Y su ejemplo trasciende dentro y fuera de su hogar. Nilda lleva más de 20 años, desde 2001, cocinando y repartiendo los almuerzos que se sirven desde el comedor parroquial. Casi un centenar de ancianos reciben, a diario, su comida. Quienes pueden caminar la recogen en sus propios envases reutilizables. Quienes no, son visitados por el párroco o las voluntarias para entregarles. Una encomiable labor diaria que Nilda comenta así: “Muchas veces, el otro día mismo, una vecina me preguntó cuánta plata nos da Cáritas por hacer nuestro huerto. Yo les dije que nada, que ni un sol, que ellos nos ayudan con semillas, pero luego es nuestro esfuerzo, sembrar, cortar, cuidar… pero lo primero que alguna gente espera es plata. Igualito es con el comedor. Preguntan: ¿cuánto te paga el padrecito? Ahí yo les explico que nosotras venimos a cocinar de corazón, con voluntad, para que coman las abuelitas, que nadie nos paga ni nos exige nada”.

Derrames petroleros, tala de madera y pesca intensiva: los grandes ‘males’
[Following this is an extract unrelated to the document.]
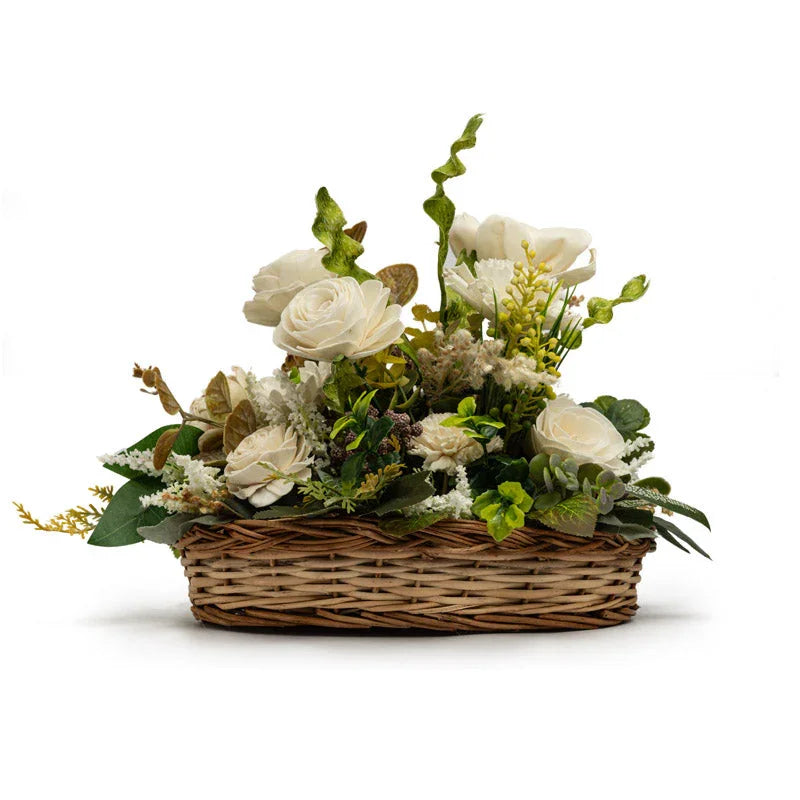 Can Basket with Sola Wood Flower Arrangement for Home Decor | Decorative Faux Floral Décor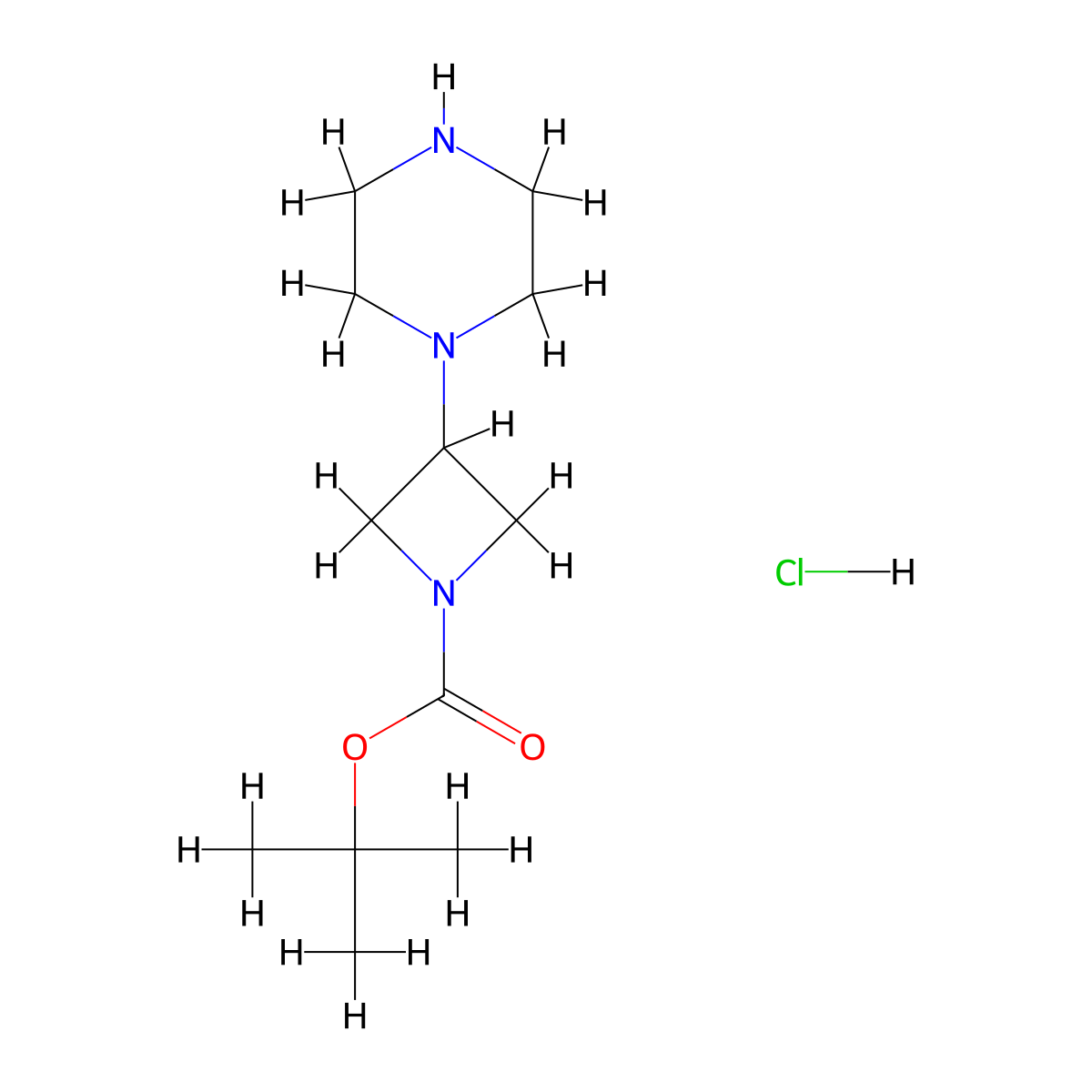 tert-Butyl 3-(piperazin-1-yl)azetidine-1-carboxylate hydrochloride molecular structure, CAS 2061980-64-9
Escuchar noticias sobre algún derrame de crudo en el río Nucuray, afluente del Marañón, ya no es novedad en Lagunas ni en Yurimaguas, aunque rara vez la noticia trasciende a nivel nacional. Es zona de paso del Oleoducto Norperuano y, como en otros puntos de la región Loreto y Amazonas, la falta de mantenimiento de una infraestructura que lleva décadas operando suele ser, casi siempre, la razón del derrame. Vertidos de petróleo que tiñen de negro las aguas y que atentan directamente contra seguridad alimentaria de la población, no solo porque muchas comunidades usan el río como su principal fuente de agua (la mitad de la población de la región Loreto no tiene acceso al agua potable), sino porque a su vez contamina el pescado, base de la dieta de todo amazónico. Quizás no en el Nucuray, por la falta de estudios, pero sí en otras zonas como Chiriaco, se ha demostrado que el contacto con el crudo incrementa los niveles de metales pesados en sangre de la población.

Este es uno de los principales ‘males’ medioambientales que conviven en el distrito de Lagunas, pero hay más. La extracción maderera, cáncer común en toda la Amazonía, también se hace presente. El rédito económico, aunque la selva se asfixie, es la única bandera. Y un tercero, que cada vez golpea más, es la pesca intensiva para la venta en Yurimaguas, Iquitos o Tarapoto. Nilda cuenta que cuando va al mercado solo encuentra “pescados chiquitos”. Y es que los grandes se cargan en lanchas con sistemas refrigerados y se venden en la ciudad. “Esta zona ha sido de harto pescado, cuando yo era niña había pescado a diario, se conseguía aquí nomás, en un lago, ahora los que salen a pescar tienen que ir lejos, a uno o dos días de camino. Y con la carne pasa igualito, escasea y por eso está cara”, lamenta la mujer.

Es la fotografía de un día cualquiera de una madre de familia, como otras muchas, en Lagunas. Su cabeza está en planificar cómo sacar adelante su hogar, de dónde conseguir una ‘platita’ y qué cocinar. A Nilda siempre le acompaña la fe en Dios y en sí misma. Siempre mirando hacia adelante, dice. Hallando solución a los problemas, que nunca faltan. Y buscando aprender para vivir, poco a poco, un poquito mejor.